**Dataset records:**

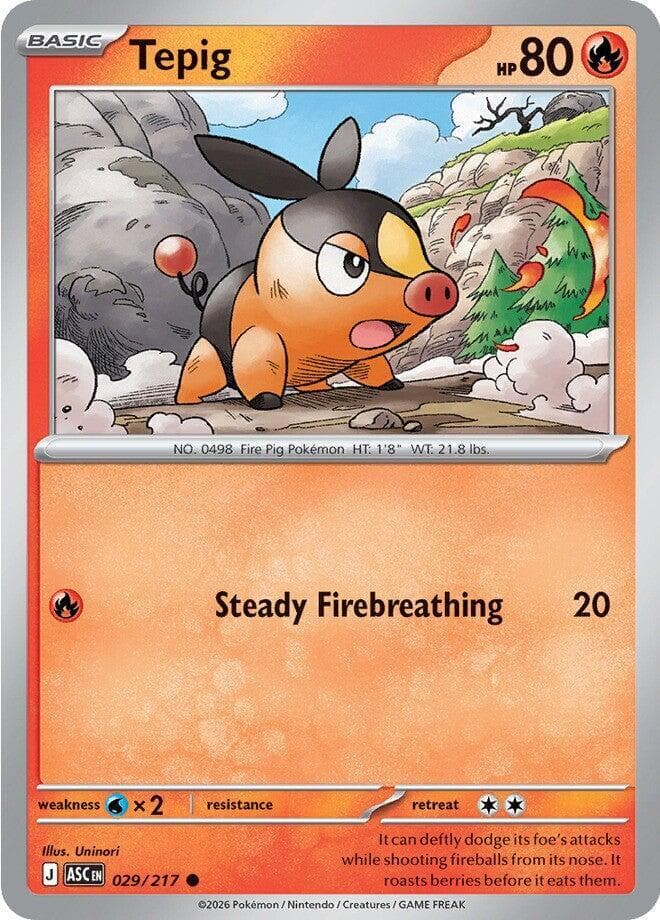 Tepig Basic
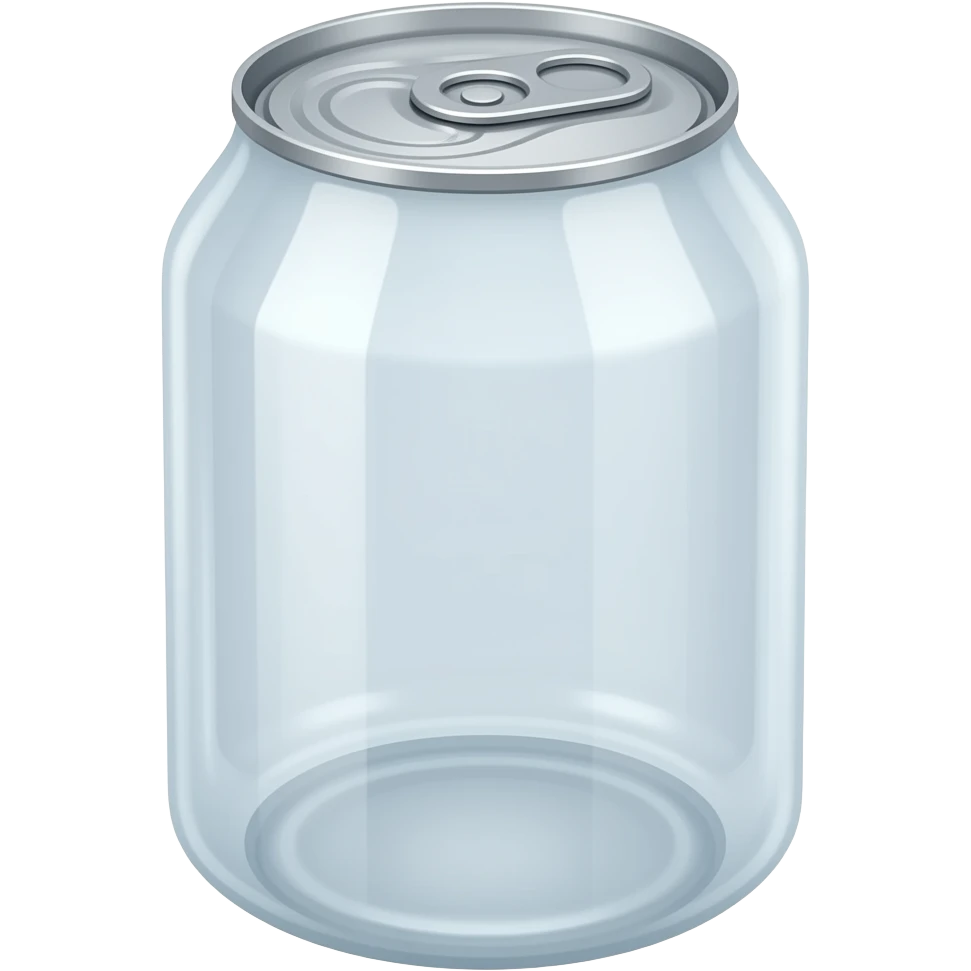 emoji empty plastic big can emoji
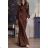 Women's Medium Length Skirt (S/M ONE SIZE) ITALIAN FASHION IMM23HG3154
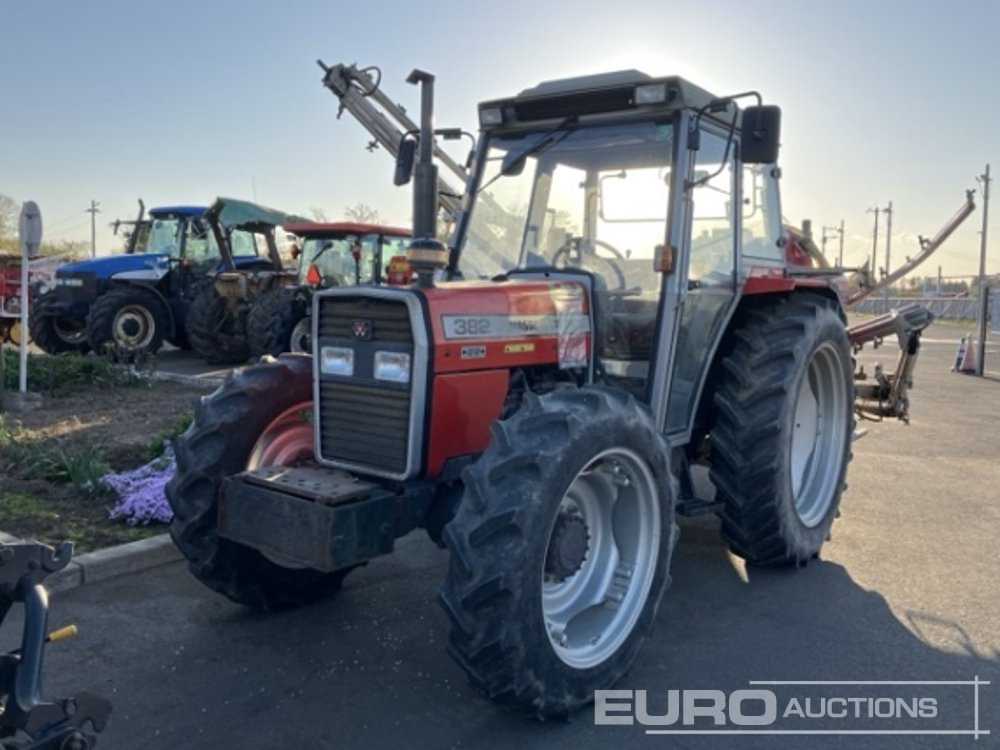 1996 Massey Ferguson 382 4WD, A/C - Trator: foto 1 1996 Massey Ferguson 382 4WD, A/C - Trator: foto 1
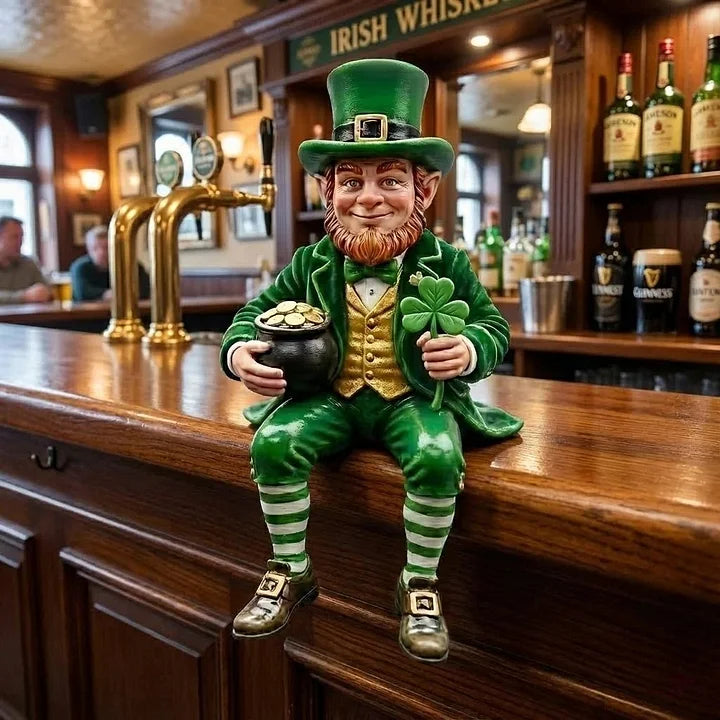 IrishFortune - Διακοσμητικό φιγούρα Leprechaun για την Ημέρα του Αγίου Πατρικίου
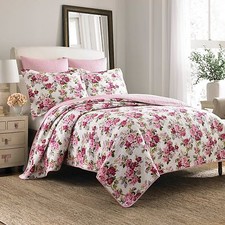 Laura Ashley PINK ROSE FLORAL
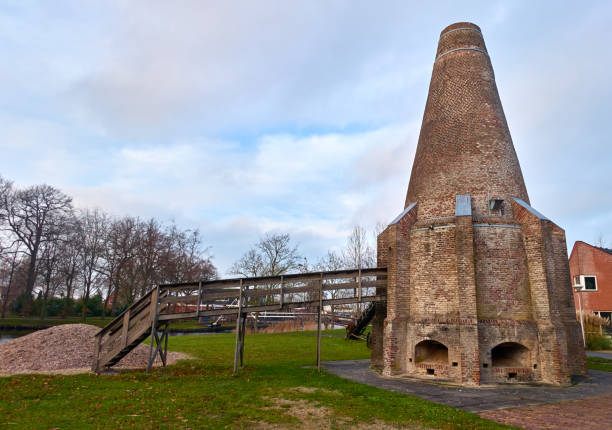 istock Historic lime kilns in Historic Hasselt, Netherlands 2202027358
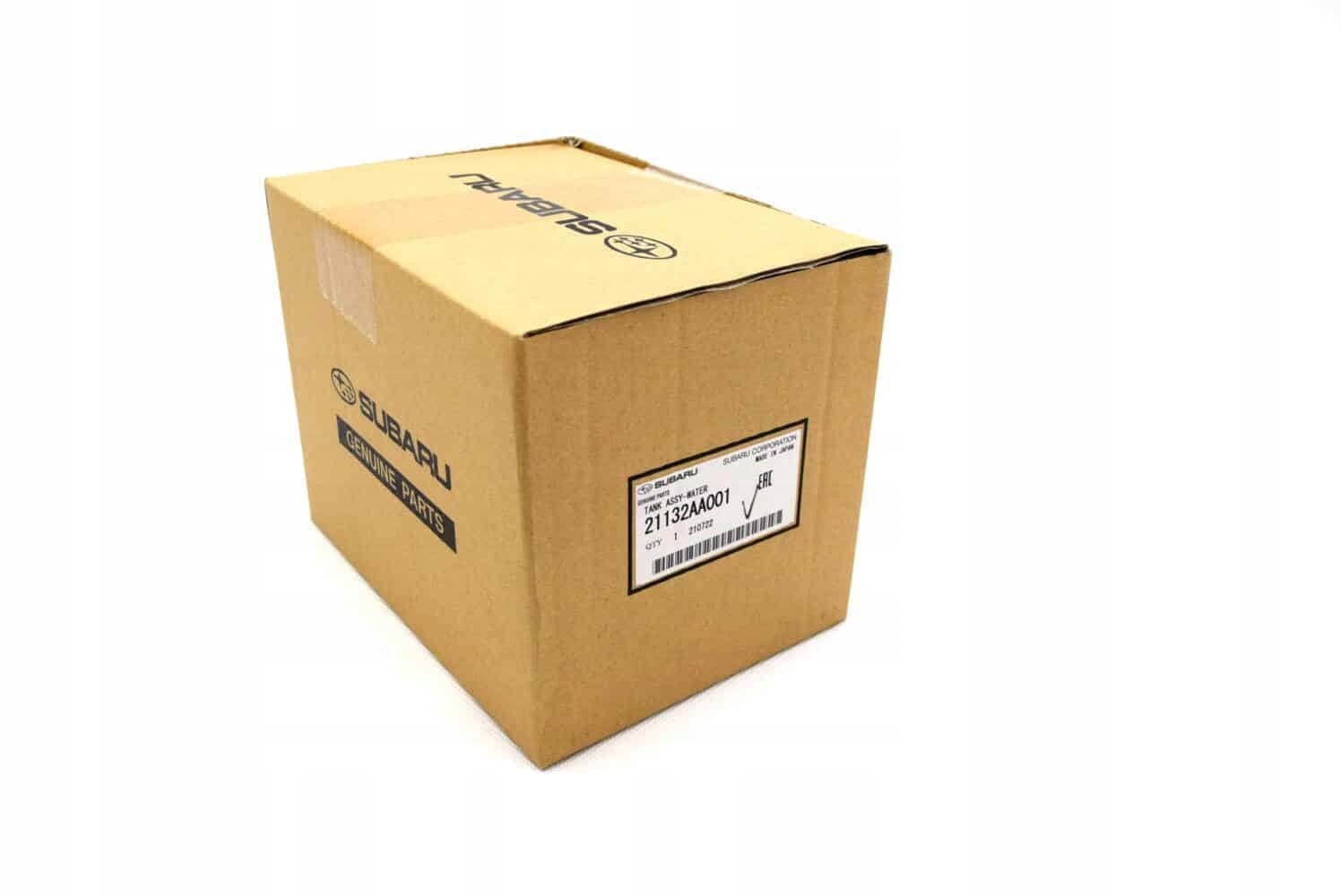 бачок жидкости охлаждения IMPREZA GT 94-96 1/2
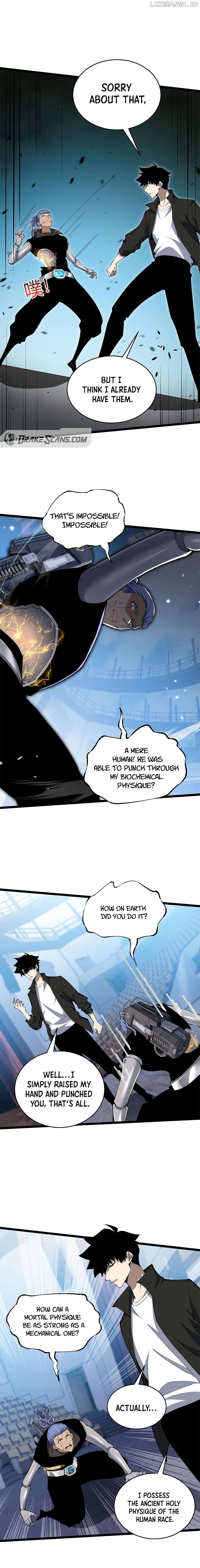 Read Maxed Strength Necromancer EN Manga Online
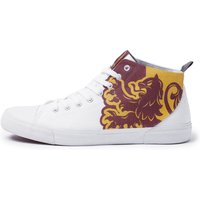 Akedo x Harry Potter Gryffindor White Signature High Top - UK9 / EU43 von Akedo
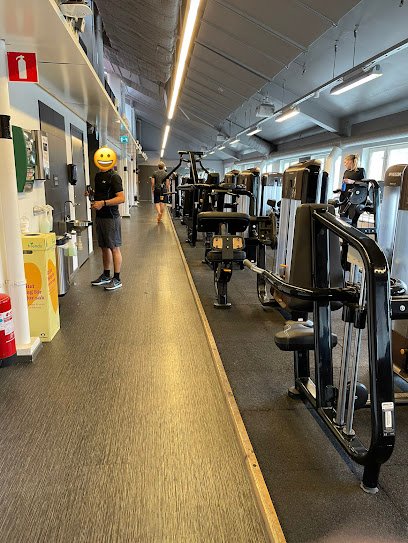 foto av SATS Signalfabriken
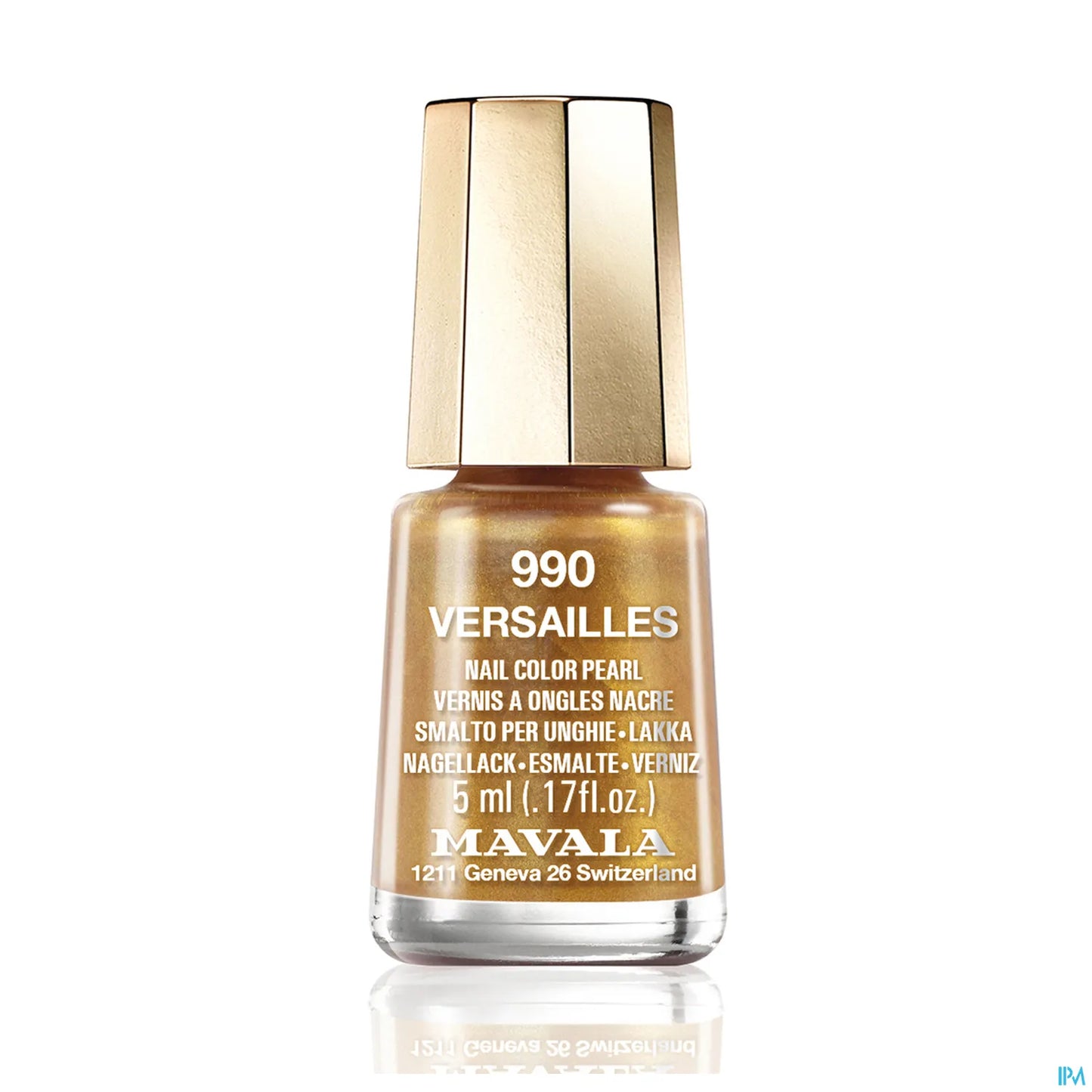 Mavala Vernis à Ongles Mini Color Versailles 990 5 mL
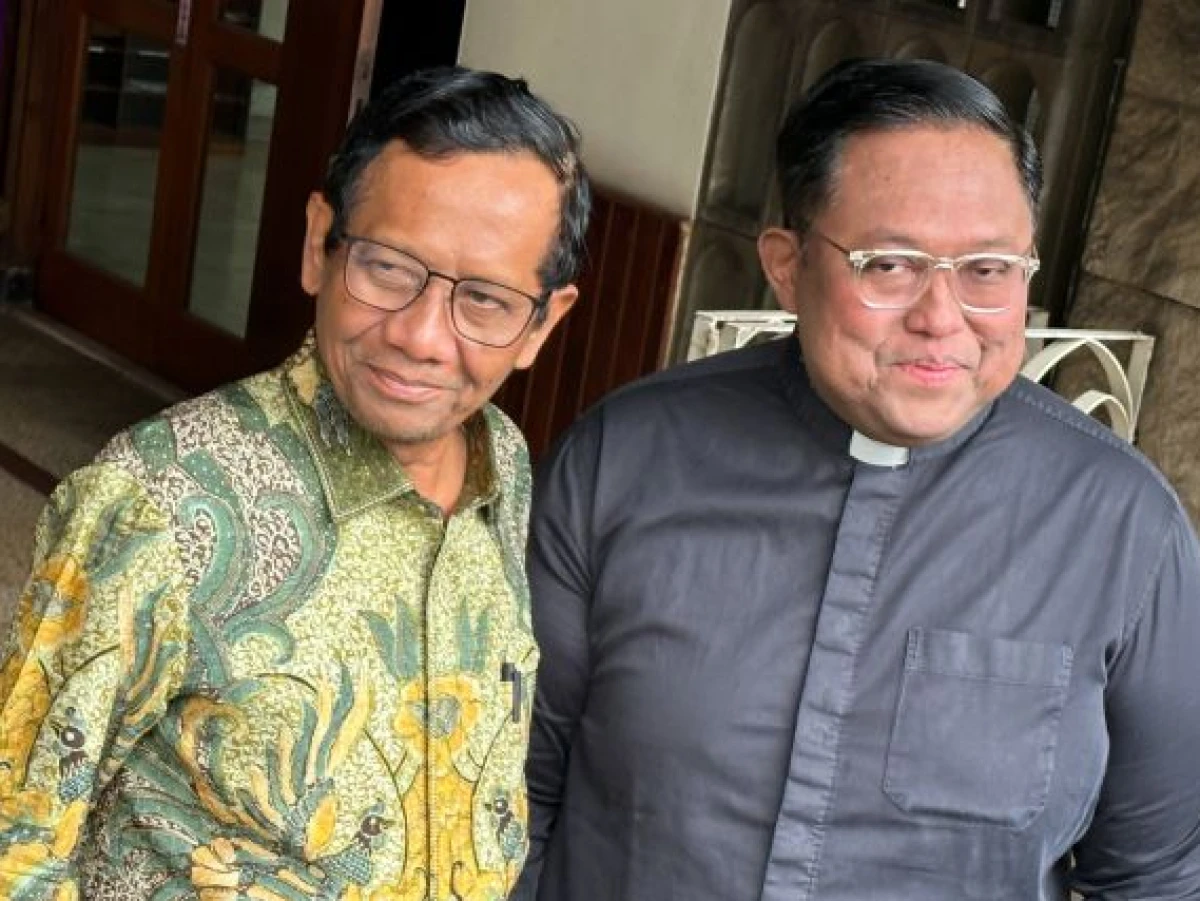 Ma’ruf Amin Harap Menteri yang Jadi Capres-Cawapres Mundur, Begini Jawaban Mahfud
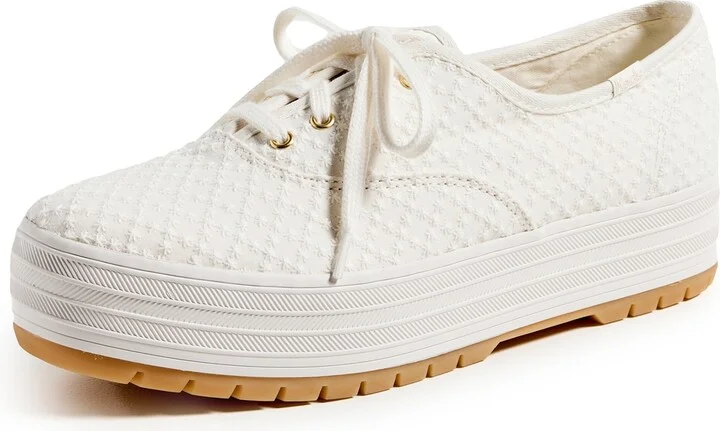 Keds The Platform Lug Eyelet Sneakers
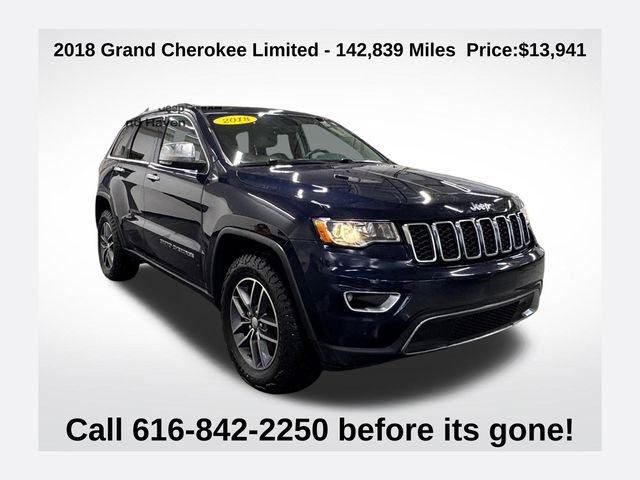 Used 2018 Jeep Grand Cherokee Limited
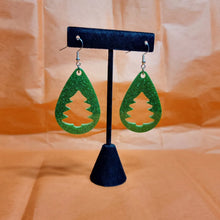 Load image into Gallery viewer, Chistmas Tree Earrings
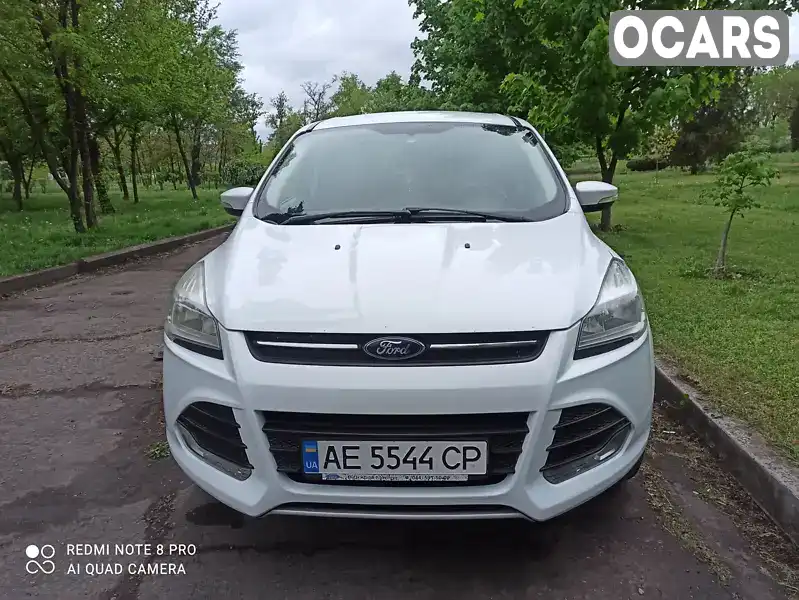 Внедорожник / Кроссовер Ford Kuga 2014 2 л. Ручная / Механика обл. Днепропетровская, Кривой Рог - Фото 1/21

**Exercise:** A verbatim copy of every entry above, with no pictures, is the expected output.

**Answer to the exercise:**
 Tepig Basic
 emoji empty plastic big can emoji
 Women's Medium Length Skirt (S/M ONE SIZE) ITALIAN FASHION IMM23HG3154
 1996 Massey Ferguson 382 4WD, A/C - Trator: foto 1 1996 Massey Ferguson 382 4WD, A/C - Trator: foto 1
 IrishFortune - Διακοσμητικό φιγούρα Leprechaun για την Ημέρα του Αγίου Πατρικίου
 Laura Ashley PINK ROSE FLORAL
 istock Historic lime kilns in Historic Hasselt, Netherlands 2202027358
 бачок жидкости охлаждения IMPREZA GT 94-96 1/2
 Read Maxed Strength Necromancer EN Manga Online
 Akedo x Harry Potter Gryffindor White Signature High Top - UK9 / EU43 von Akedo
 foto av SATS Signalfabriken
 Mavala Vernis à Ongles Mini Color Versailles 990 5 mL
 Ma’ruf Amin Harap Menteri yang Jadi Capres-Cawapres Mundur, Begini Jawaban Mahfud
 Keds The Platform Lug Eyelet Sneakers
 Used 2018 Jeep Grand Cherokee Limited
 Load image into Gallery viewer, Chistmas Tree Earrings
 Внедорожник / Кроссовер Ford Kuga 2014 2 л. Ручная / Механика обл. Днепропетровская, Кривой Рог - Фото 1/21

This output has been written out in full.